我尝试使用PySpark和Structured Streaming(Spark 2.3)在两个Kafka Stream之间进行左外连接。
import os
import time
from pyspark.sql.types import *
from pyspark.sql.functions import from_json, col, struct, explode, get_json_object
from ast import literal_eval
from pyspark.sql import SparkSession
from pyspark.sql.functions import expr
os.environ['PYSPARK_SUBMIT_ARGS'] = '--packages org.apache.spark:spark-sql-kafka-0-10_2.11:2.3.0 pyspark-shell'
spark = SparkSession \
.builder \
.appName("Spark Kafka Structured Streaming") \
.getOrCreate()
schema_impressions = StructType() \
.add("id_req", StringType()) \
.add("ts_imp_request", TimestampType()) \
.add("country", StringType()) \
.add("TS_IMPRESSION", TimestampType())
schema_requests = StructType() \
.add("id_req", StringType()) \
.add("page", StringType()) \
.add("conntype", StringType()) \
.add("TS_REQUEST", TimestampType())
impressions = spark.readStream \
.format("kafka") \
.option("kafka.bootstrap.servers", "ip-ec2.internal:9092") \
.option("subscribe", "ssp.datascience_impressions") \
.load()
requests = spark \
.readStream \
.format("kafka") \
.option("kafka.bootstrap.servers", "ip-ec2.internal:9092") \
.option("subscribe", "ssp.datascience_requests") \
.option("startingOffsets", "latest") \
.load()
query_requests = requests \
.select(col("timestamp"), col("key").cast("string"), from_json(col("value").cast("string"), schema_requests).alias("parsed")) \
.select(col("timestamp").alias("timestamp_req"), "parsed.id_req", "parsed.page", "parsed.conntype", "parsed.TS_REQUEST") \
.withWatermark("timestamp_req", "120 seconds")

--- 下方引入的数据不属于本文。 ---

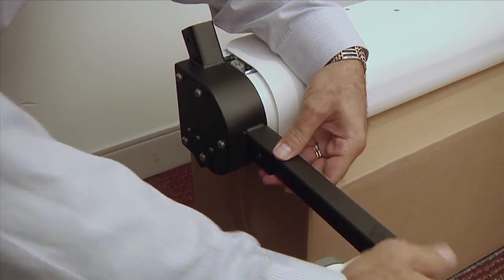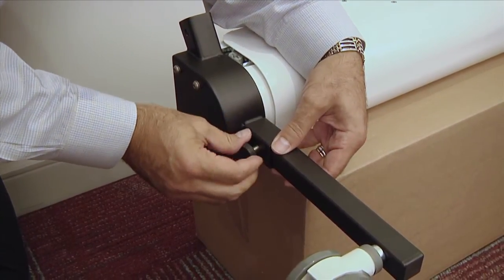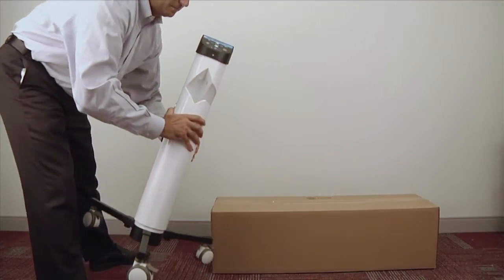Insert a leg on the base of the FlowMed and secure the leg with a thumb screw. Repeat these steps to mount the remaining legs, then place the FlowMed in an upright position.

query_impressions = impressions \
.select(col("timestamp"), col("key").cast("string"), from_json(col("value").cast("string"), schema_impressions).alias("parsed")) \
.select(col("timestamp").alias("timestamp_imp"), col("parsed.id_req").alias("id_imp"), "parsed.ts_imp_request", "parsed.country", "parsed.TS_IMPRESSION") \
.withWatermark("timestamp_imp", "120 seconds")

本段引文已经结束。